▸ **HOW TO COMPLETE THIS TASK**
What you submit must be an exact copy of the listing below, with no images in it.

▸ **DATA LISTING**
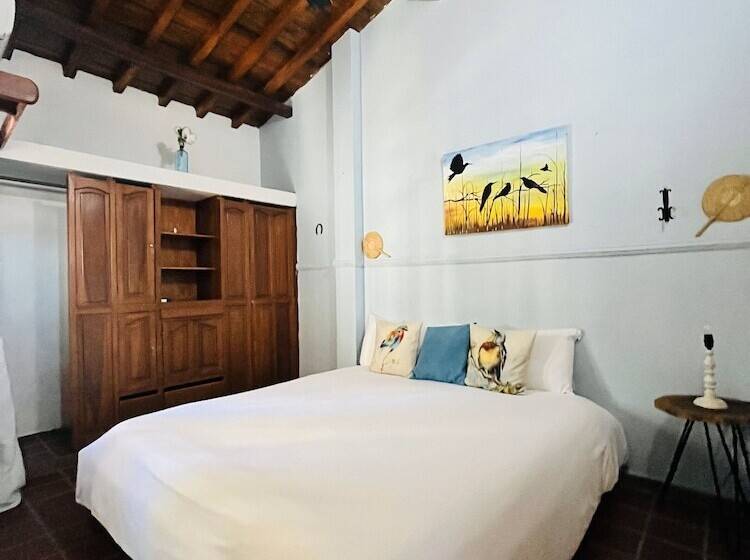 اتاق لوکس, Casa Isabelita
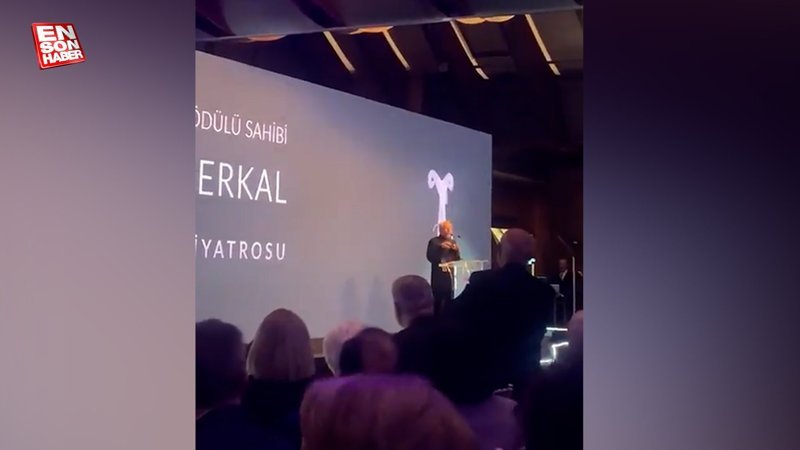 Genco Erkal'dan Vehbi Koç ödül töreninde 14 Mayıs mesajı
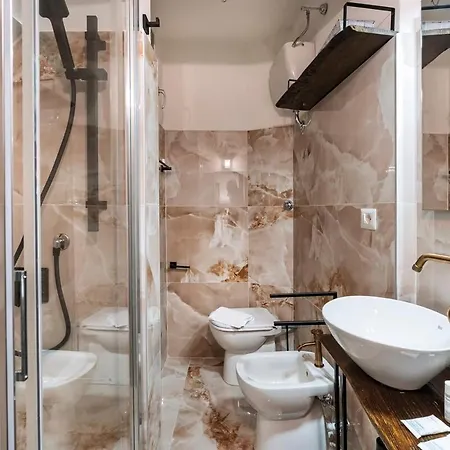 Ponte Vecchio Sprone Deluxe Apartment *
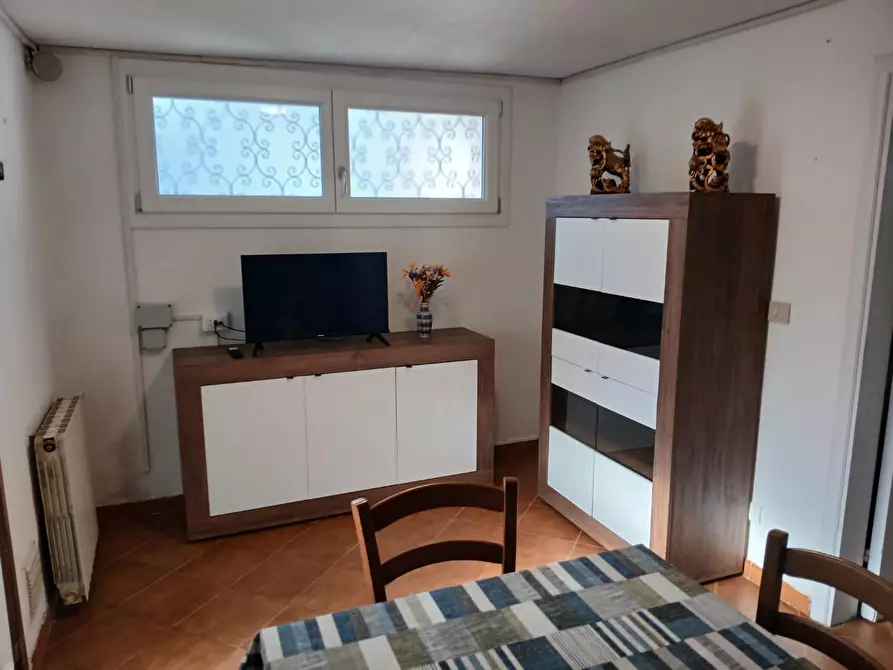 Immagine 28 di Villa in affitto  a Pisa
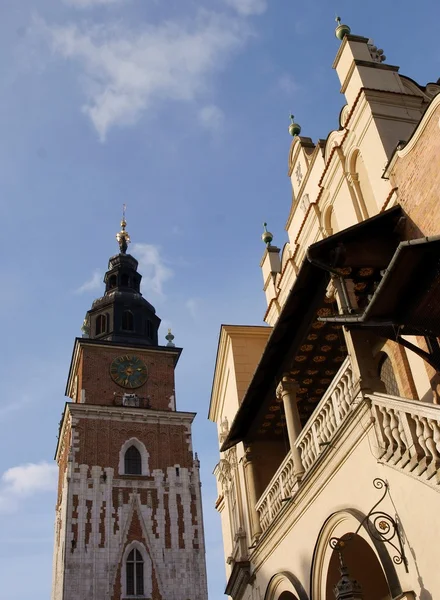 Tower of City Hall with clock in Krakow's Main Market Square and Cloth Hall — Stock Photo, Image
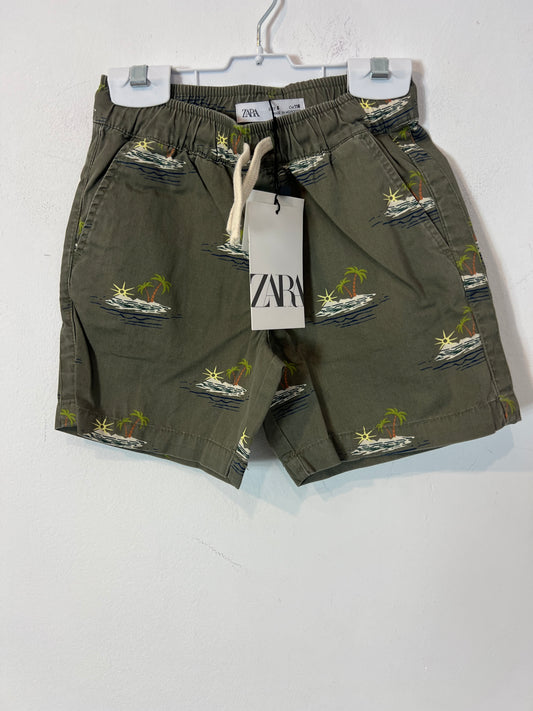 ZARA. Bermuda verde estampada. T 6 años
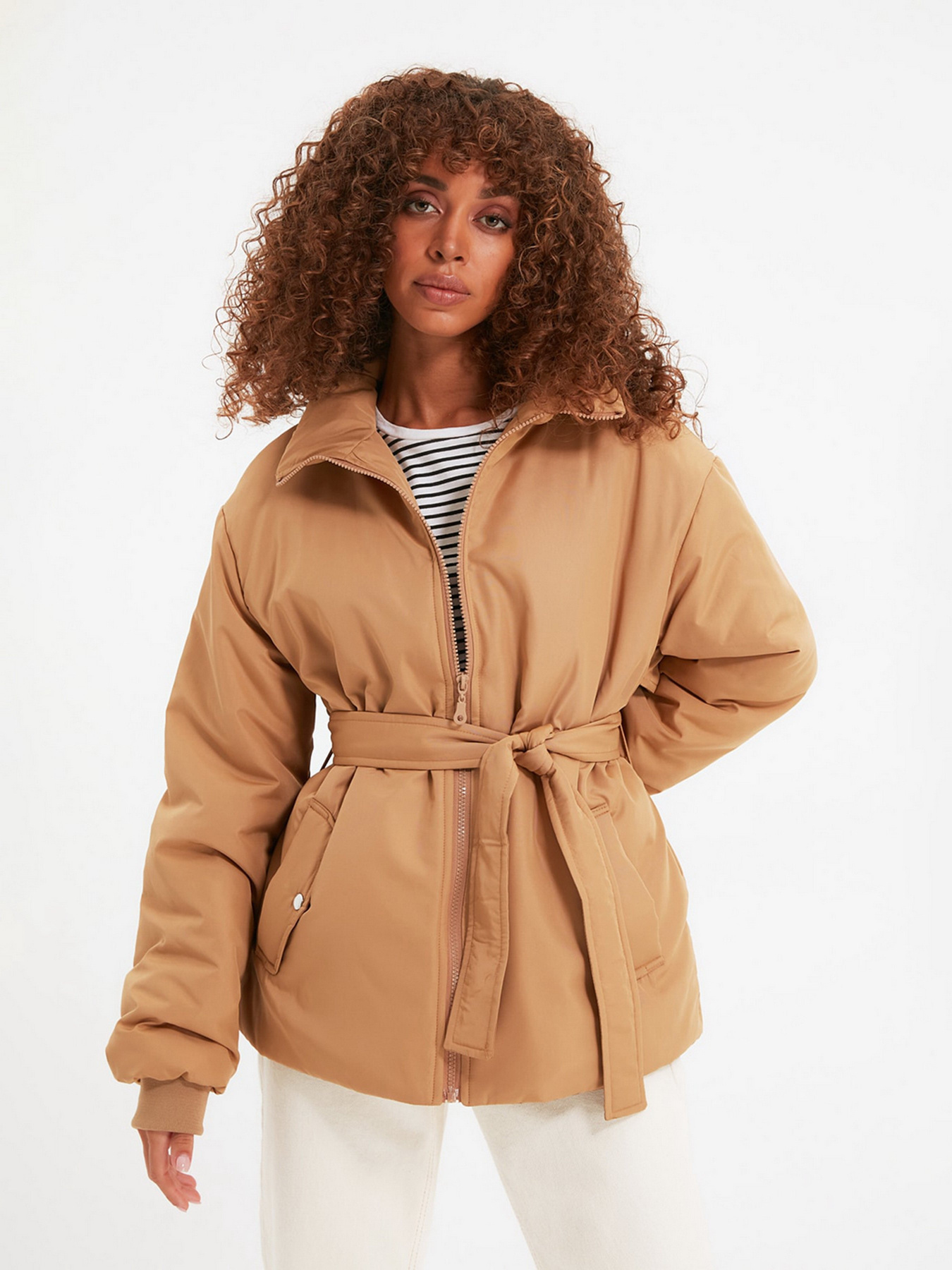 Демісезонна куртка Trendyol модель TWOAW22MO0067/Camel Фото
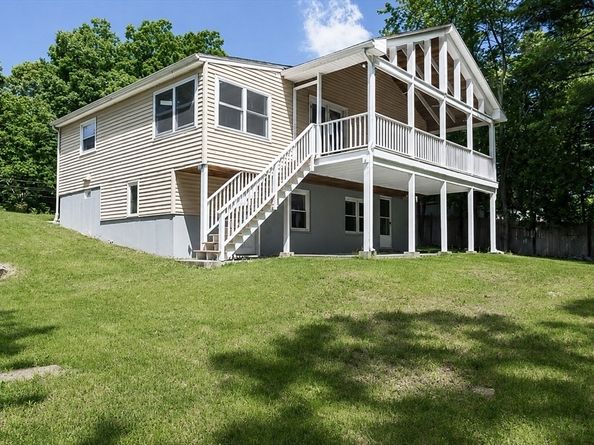 82 Cottage St, Natick MA 01760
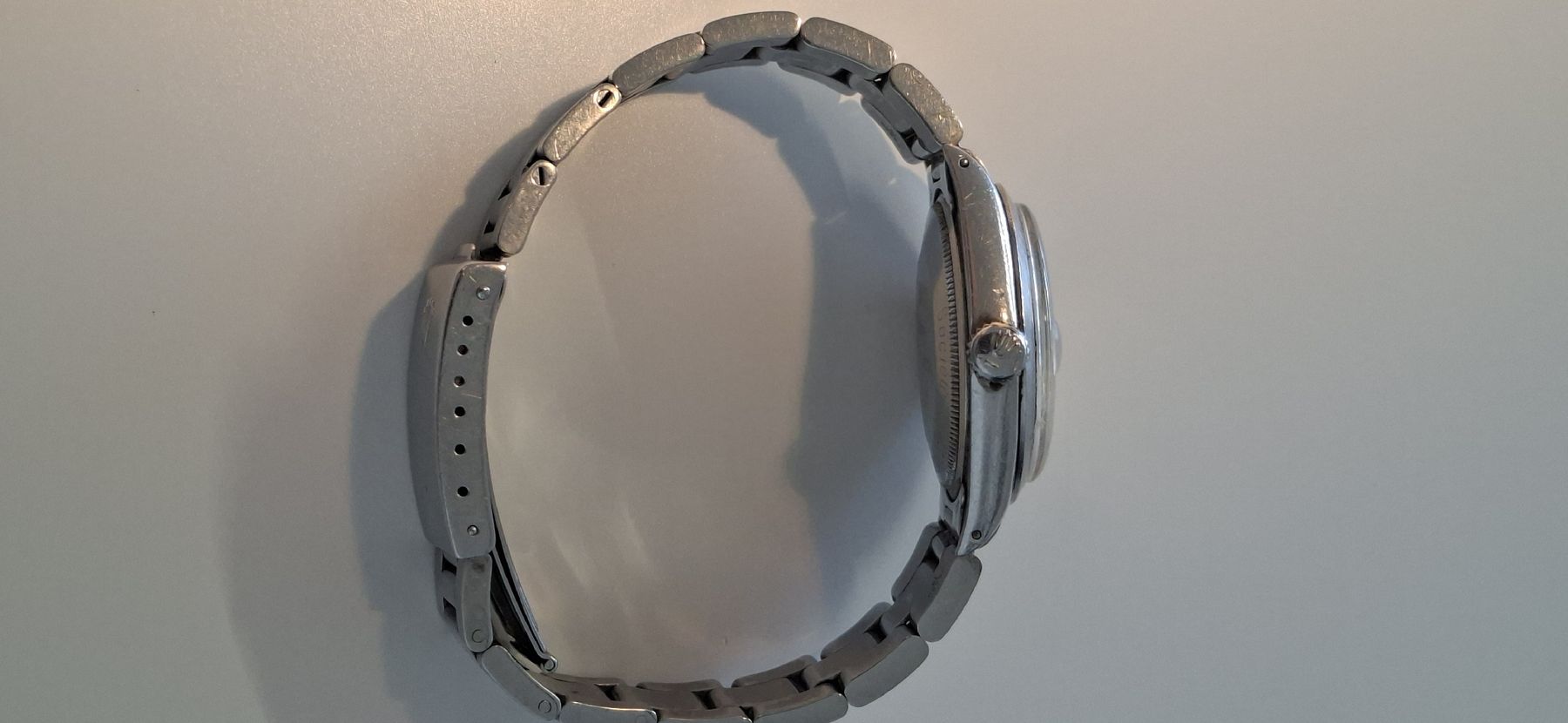 Rolex Montres: Rolex Oyster Perpetual Date Ref 1500 – D'occasion à Roche VD par Monde001 2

▸ **TASK RESULT**
 اتاق لوکس, Casa Isabelita
 Genco Erkal'dan Vehbi Koç ödül töreninde 14 Mayıs mesajı
 Ponte Vecchio Sprone Deluxe Apartment *
 Immagine 28 di Villa in affitto  a Pisa
 Tower of City Hall with clock in Krakow's Main Market Square and Cloth Hall — Stock Photo, Image
 ZARA. Bermuda verde estampada. T 6 años
 Демісезонна куртка Trendyol модель TWOAW22MO0067/Camel Фото
 82 Cottage St, Natick MA 01760
 Rolex Montres: Rolex Oyster Perpetual Date Ref 1500 – D'occasion à Roche VD par Monde001 2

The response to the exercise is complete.